I risultati dello studio sono particolarmente allarmanti per la salute delle donne. Un quarto di tutte le contee USA ha visto una riduzione nell’aspettativa di vita tra il 1997 e il 2007, che porta ad affermare che le ragazze nate oggi si possono aspettare di vivere meno delle loro madri. Come ha scritto il Los Angeles Times, “Vedere che l’aspettativa di vita diminuire in un paese sviluppato è raro. Arretramenti di questa portata non si sono visti negli Stati Uniti dall’epidemia di influenza spagnola del 1918, valutando i dati demografici.” Questa tendenza si è accelerata negli ultimi due decenni. Dal 1987 al 1997 c’erano già 314 contee su oltre 3.000 con un calo o una crescita zero dell’aspettativa di vita delle donne.
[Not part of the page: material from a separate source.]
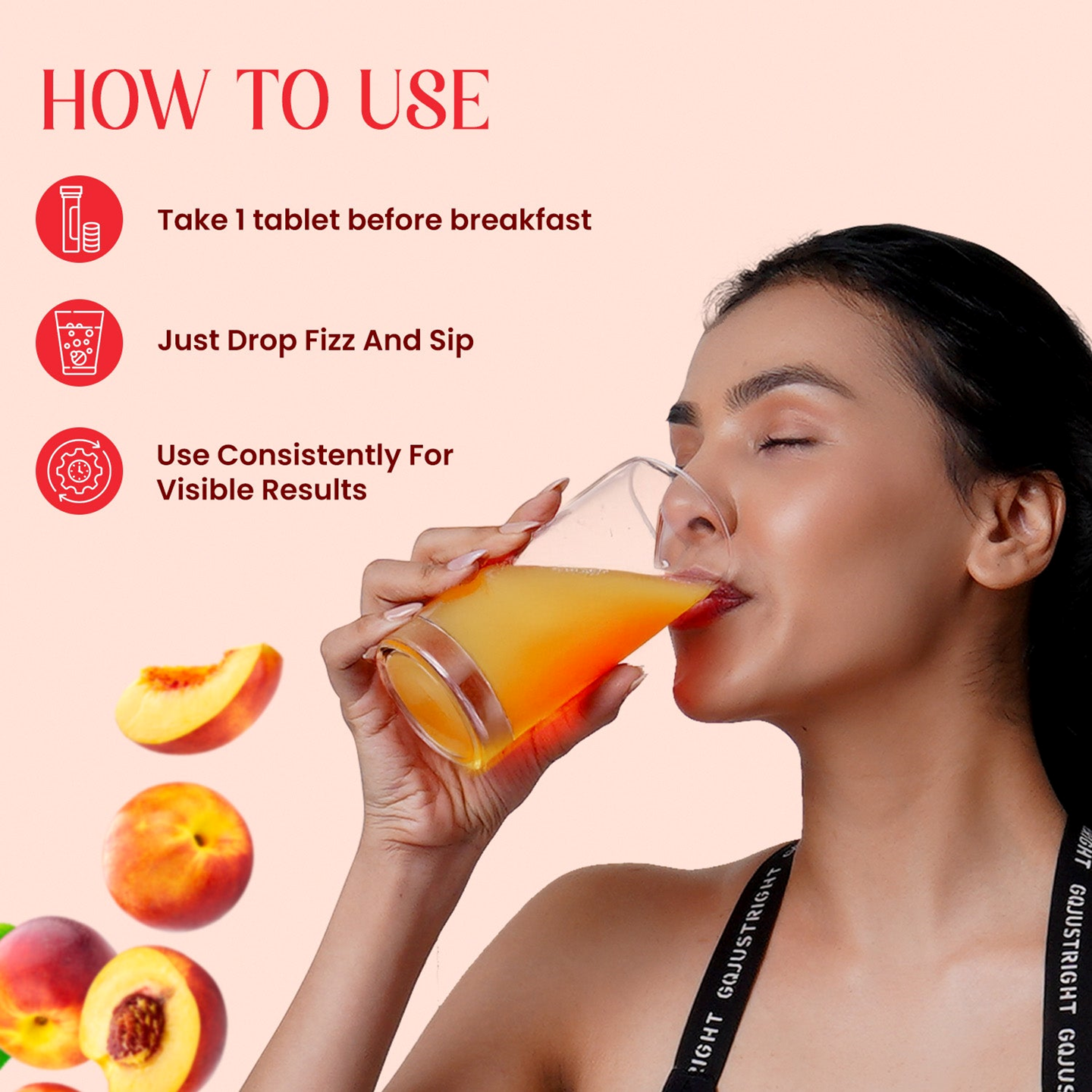 Apple Cider Vinegar Peach Flavour For Metabolism Boost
Dal 1997 al 2007 le contee che riportavano questo dato erano 860, rapportate alle 84 contee dove l’aspettativa di vita per i maschi era in decrescita o stagnante.
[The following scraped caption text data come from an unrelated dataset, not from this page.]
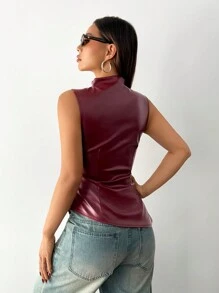 SHEIN PETITE Damen Lässig Mode 90er Jahre Street Shooting Frühling Herbst einfarbig Plissee Kragen PU Trägerhemd ärmellos Tops Ausgehen Tops Herbst Damen Tops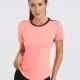 Women's Sporty Colorblock Short Sleeve Quick-dry Breathable Athletic T-shirt W7009# Pink Clothing Wholesale Market -LIUHUA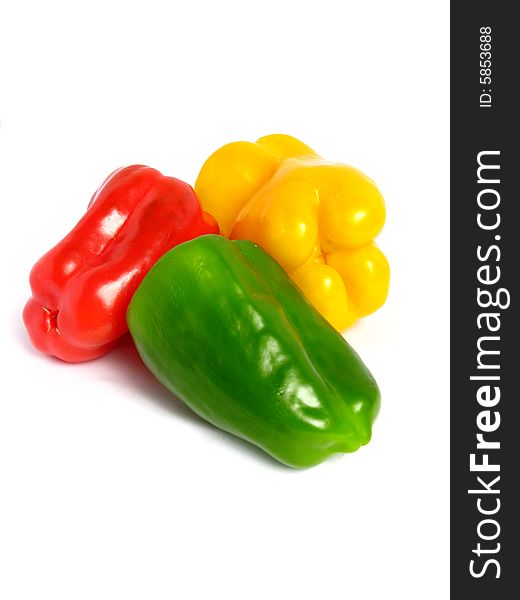 Three color peppers, on white background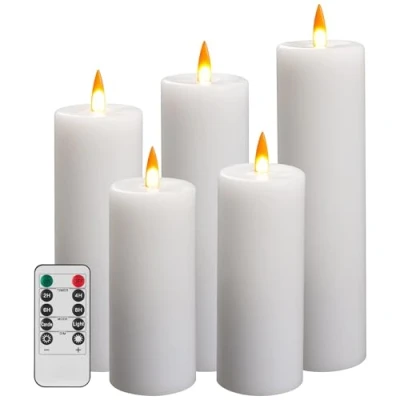 Abbildung von Da by LED Kerzenlicht, analoges Flammenkerzenlicht, batteriebetriebenes Timer Funktion mit Fernbedienung, echtes Wachs. 5er Set.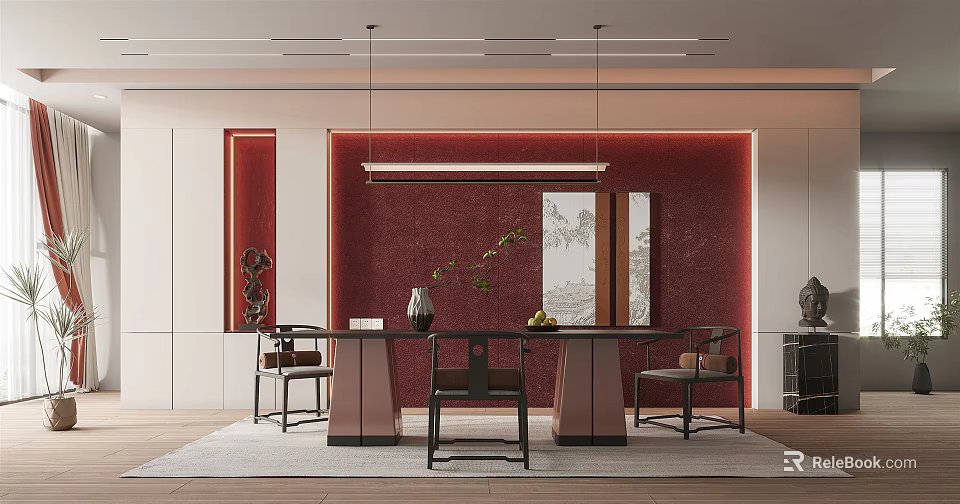 Modern Chinese Restaurant Interior With Red Wall Dining Table Chairs Decorative Painting And Pendant Light 3d model 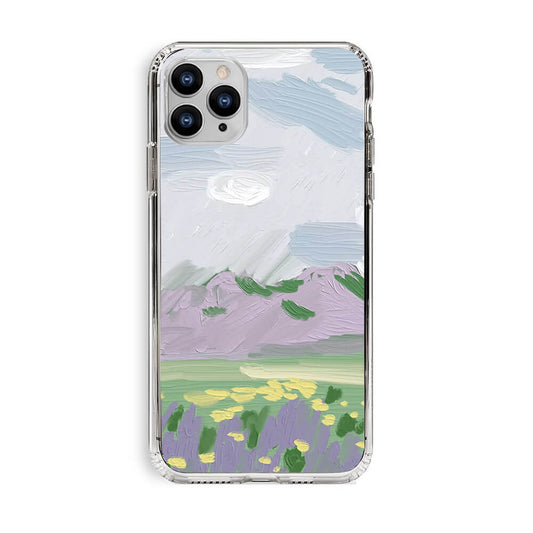 Peinture à l'huile de paysage Coque arrière transparente pour iPhone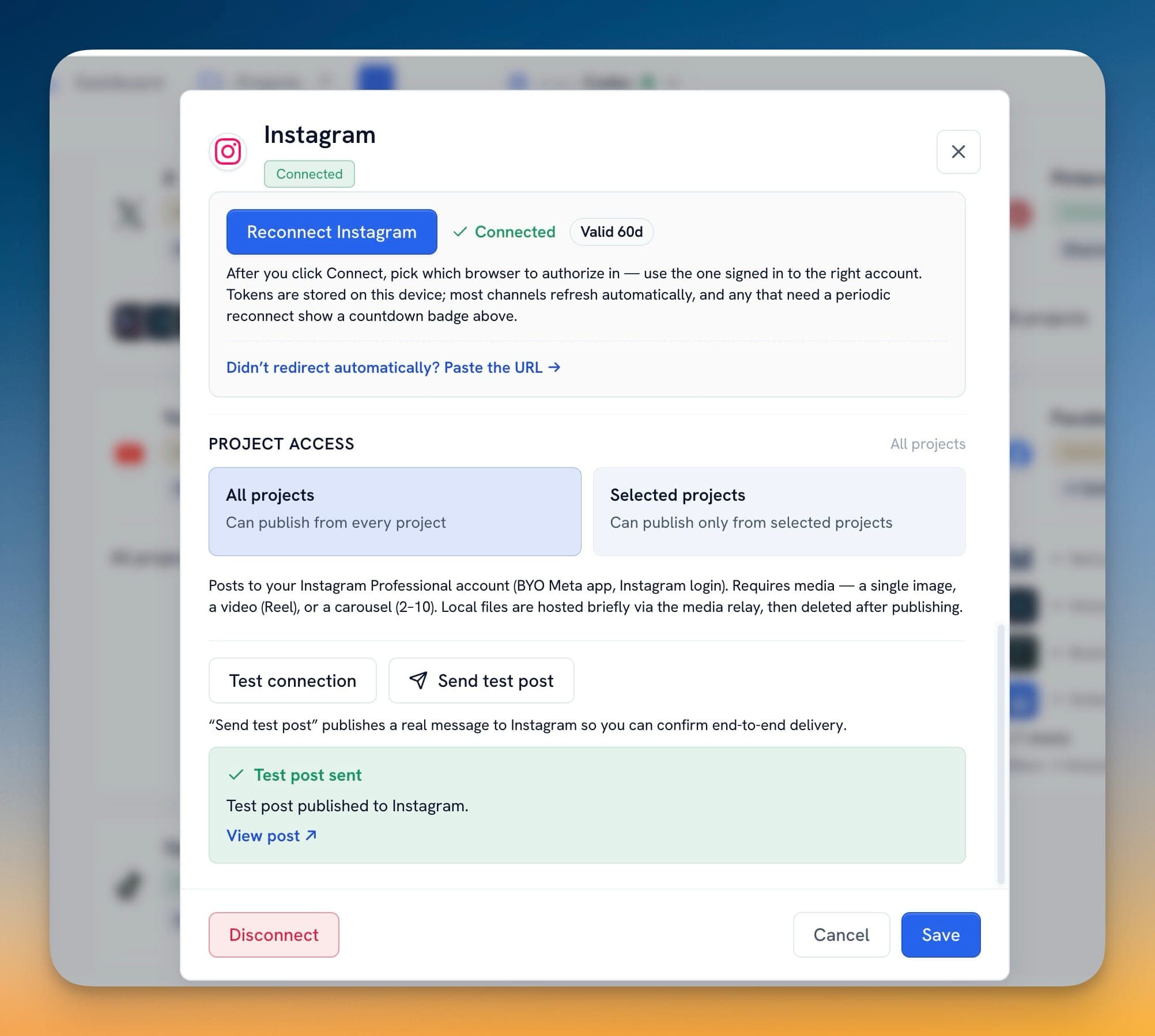 Xác nhận Instagram test post đã gửi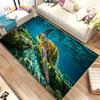 3D Seabed Underwater World Dolphin Turtle Area Rug,Carpet Rug for Living Room Bedroom Sofa Doormat,kids Play Non-slip Floor Mat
Queste 860 contee formano uno schieramento che si stende dall’Appalachia (parti della Pennsylvania, del West Virginia, della Virginia, del Kentucky, del North Carolina) all’interon Sud rurale, dalle Caroline al nord Texas, così come anche porzione degli stati di confine, tra cui l’82 per cento di tutte le contee in Oklahoma, il 66 per cento in Tennessee e il 59 per cento in Kentucky.
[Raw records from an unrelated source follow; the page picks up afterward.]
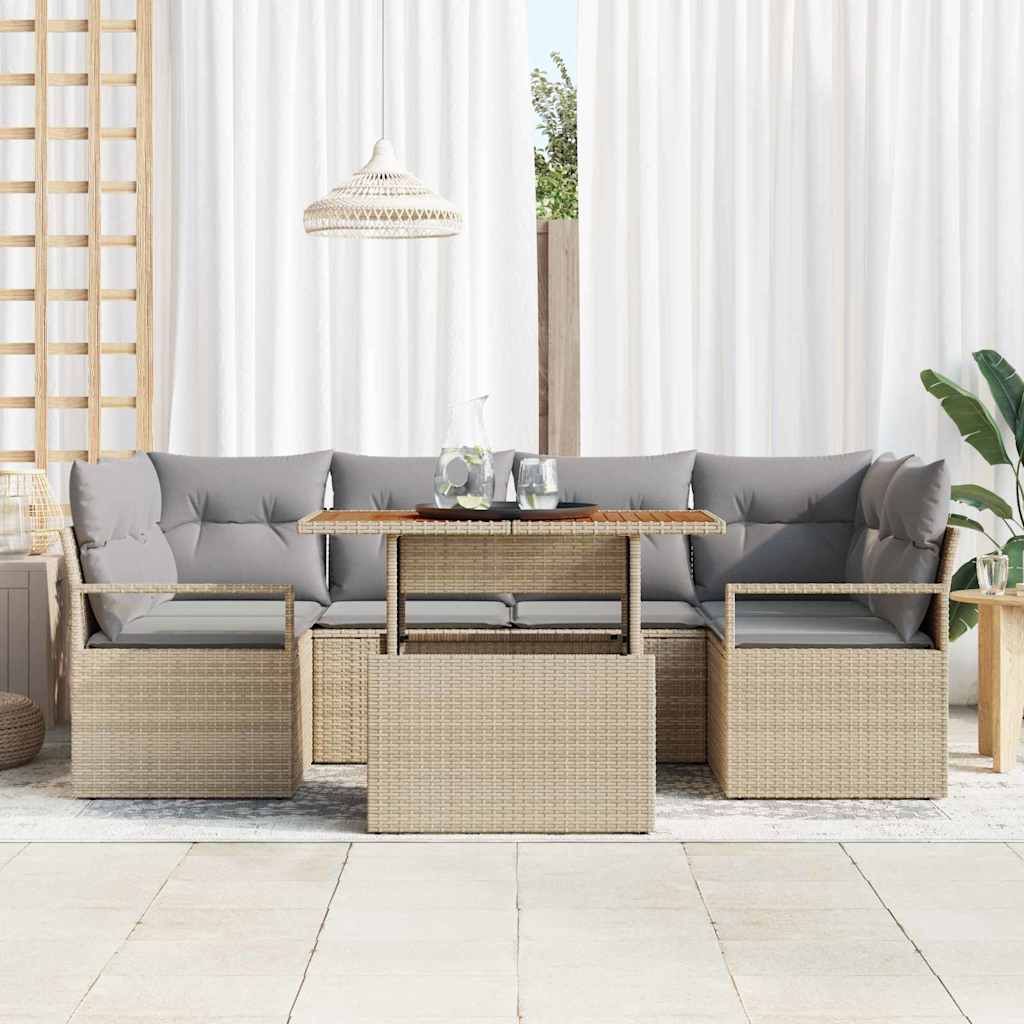 Garten-Sofa-Set mit Speicher 7 pcs Beige Poly Rattan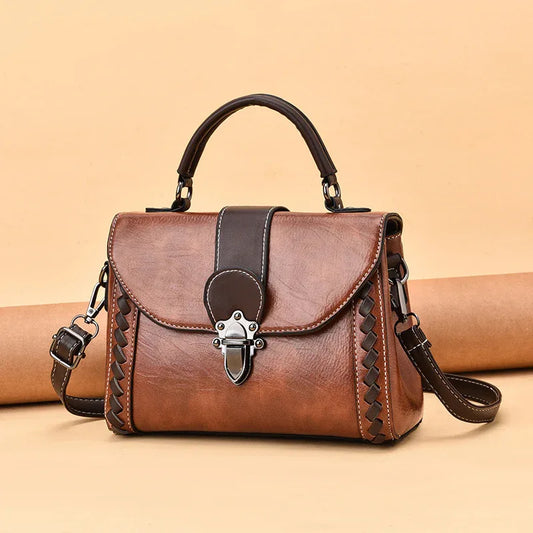 Brown Elegant Women's PU Leather Top Handle Satchel - Versatile Crossbody Bag with Classic Clasp & Braided Detail - Mekamart Australia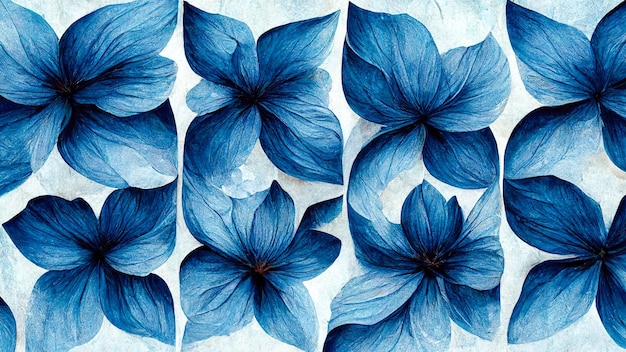 Motif de fleurs bleues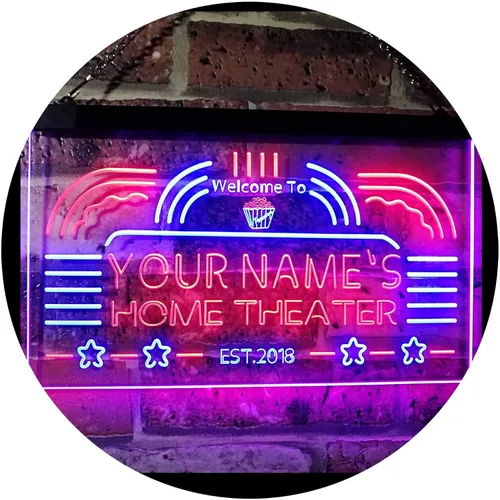 Vista 23 de ADVPRO Letrero de neón LED de un solo color personalizado para cine en casa, decoración de año establecido, 12 x 8.5 pulgadas, st4s32-ph1-tm-b Azul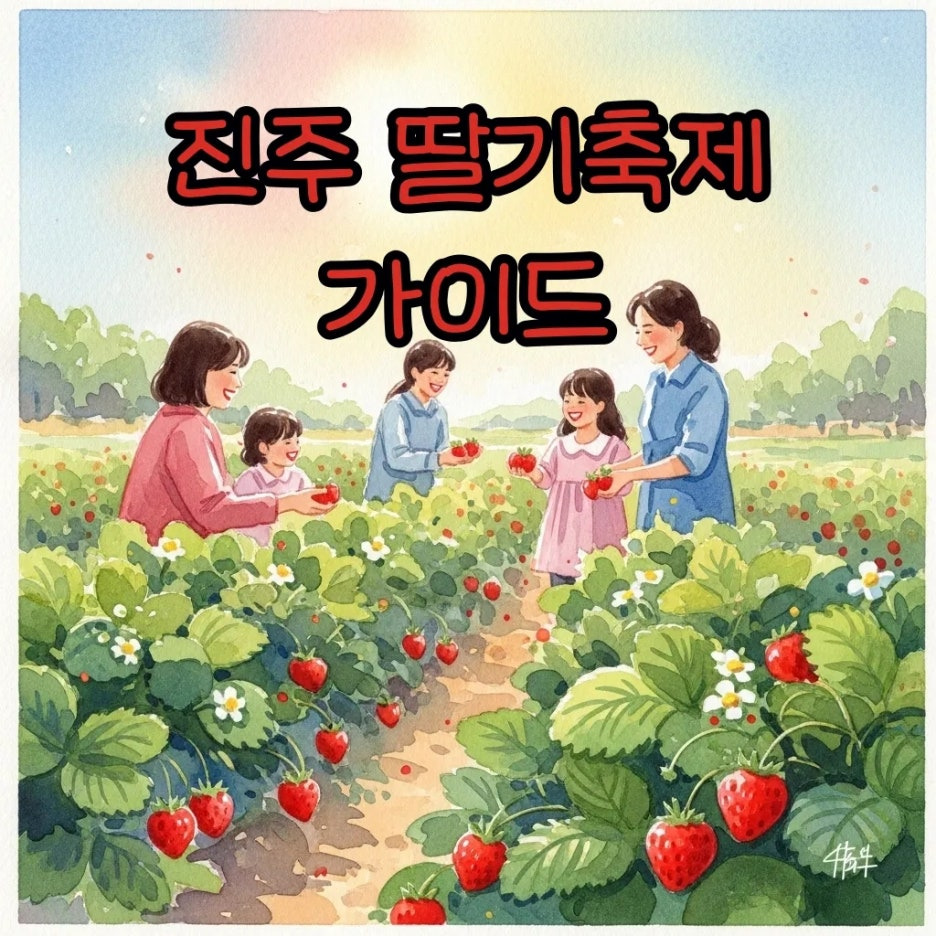 봄 햇살 아래 딸기를 수확하는 가족의 평화로운 풍경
In Mississippi, di gran lunga lo stato più povero e meno in salute, ci sono cinque contee dove l’aspettativa di vita per le donne è la stessa dell’Honduras, di El Salvador e del Peru, che sono tra i paesi più impoveriti dell’America Latina. La contea di Madison, nel Mississippi a nord di Jackson, ha visto uno calo sbalorditivo di due anni e mezzo nell’aspettativa di vita per le donne nel corso dell’ultimo decennio.

In una contea del Mississippi, l’aspettativa di vita maschile, sia per i neri che per i bianchi, era più bassa della media dell’aspettativa di vita maschile nell’Africa sub-sahariana. Per cinque contee del Mississippi, l’aspettativa di vita maschile era la stessa del Filippine e del Brasile.

Il report, intitolato “Un salto all’indietro: l’aspettativa di vita nelle contee degli Stati Uniti dal 2000 al 2007 in un contesto internazionale”, ha raffrontato l’aspettativa di vita di 3.138 contee USA e di 10 città con un precedente sondaggio dal 1987 al 1997.

L’aspettativa di vita negli Stati Uniti in un periodo ventennale, dal 1987 al 2007, ha continuato a salire in termini assoluti, più alta di 4,3 anni per gli uomini e 2,3 per le donne, in larga parte a causa della diminuzione nella presenza di fumatori e nel miglioramento della tecnologia medica. Ma gli Stati Uniti rimangono indietro alle altre nazioni industrializzate, precipitando dalla 20esima posizione nel 1987 alla 37esima del 2007.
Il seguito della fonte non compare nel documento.